Massachusetts, what is your town doing about gas leaks?

While new pipelines are hotly debated, existing infrastructure remains dangerously neglected

Written by Beryl Lipton
Edited by JPat Brown

Pipes set long ago are prone to leaks, and gas companies and government alike are privy to the fact. In an attempt to better facilitate the flow of information between natural gas companies and local government, Massachusetts law requires companies to turn their gas leaks information over to the Department of Public Utilities; from there, the DPU can pass it on to any interested municipalities.

Last week, the DPU was heralded by shale drilling proponents for rejecting anti-pipeline groups “intervenor” status at DPU hearings on the proposed Kinder Morgan Tennessee Gas Pipeline in Western Massachusetts. Talks of new natural gas lines continue, but what of maintaining our existing ones?

Over the winter, MuckRock submitted an initial round of requests to towns in Middlesex County and the greater Boston area for information obtained under the new law. Unfortunately, the results of the requests suggested that no towns were taking advantage of the right.

Brookline provided materials they had received directly from National Grid; Dunstable sent a map of service pipeline maps from 2010 and generously provided a log of police calls made relating to gas leaks. A follow-up to the State’s DPU turned up only one request made under the statute, from the City of Boston itself.

  • Large red = No Responsive Documents
  • Large Yellow = Payment Requested
  • Large Purple = Rejected
  • Large Green = Some responsive materials provided
  • Small red = Never received a response
  • Small yellow = Still awaiting response

In general, there was a confused response to the request. Most cities claimed to have no responsive documents. Occasionally responses included other attempts at helpfulness, suggesting that the requests be redirected to the State or the gas company.

Belmont stated that the town has no reason to obtain copies of gas leak information, as National Grid is the responsible party in this situation.

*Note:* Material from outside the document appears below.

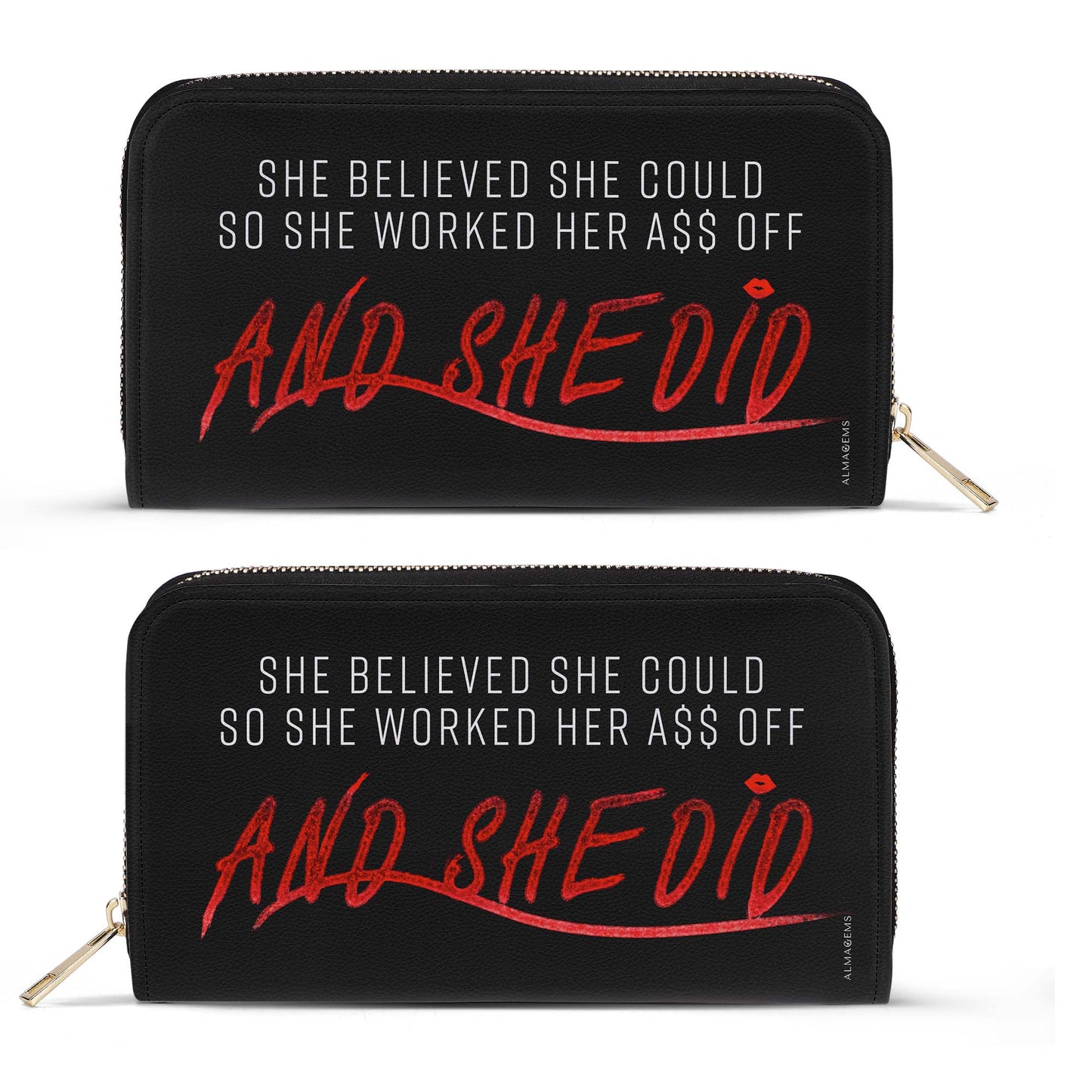 She Believed She Could - Women Leather Wallet - WW11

And Lowell, Townsend, and Weston all claimed that potentially responsive materials would be exempt from disclosure under the State’s public records law, though it was not clear whether the exemption citation was predicated on the actual possession of responsive documents.

All outstanding requests from this round have been withdrawn. New requests are being submitted now. We want to know what steps, if any, are being taken to preemptively counter gas leaks. So far, Somerville has responded, providing a list of pipelines scheduled to be repaired but requesting $69.00 to provide materials regarding the location and severity of known gas leaks in the town.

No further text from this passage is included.